- EXERCISE INSTRUCTIONS
Reproduce the entries below, please. Keep every character the same.

....

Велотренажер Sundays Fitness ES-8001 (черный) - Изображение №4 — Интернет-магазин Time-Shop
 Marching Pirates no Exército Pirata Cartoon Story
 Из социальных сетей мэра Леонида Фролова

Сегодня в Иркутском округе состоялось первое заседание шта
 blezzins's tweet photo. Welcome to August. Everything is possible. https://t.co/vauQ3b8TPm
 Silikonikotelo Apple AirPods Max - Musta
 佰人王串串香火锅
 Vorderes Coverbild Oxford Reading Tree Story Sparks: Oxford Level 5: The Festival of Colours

....

- ANSWER
Велотренажер Sundays Fitness ES-8001 (черный) - Изображение №4 — Интернет-магазин Time-Shop
 Marching Pirates no Exército Pirata Cartoon Story
 Из социальных сетей мэра Леонида Фролова

Сегодня в Иркутском округе состоялось первое заседание шта
 blezzins's tweet photo. Welcome to August. Everything is possible. https://t.co/vauQ3b8TPm
 Silikonikotelo Apple AirPods Max - Musta
 佰人王串串香火锅
 Vorderes Coverbild Oxford Reading Tree Story Sparks: Oxford Level 5: The Festival of Colours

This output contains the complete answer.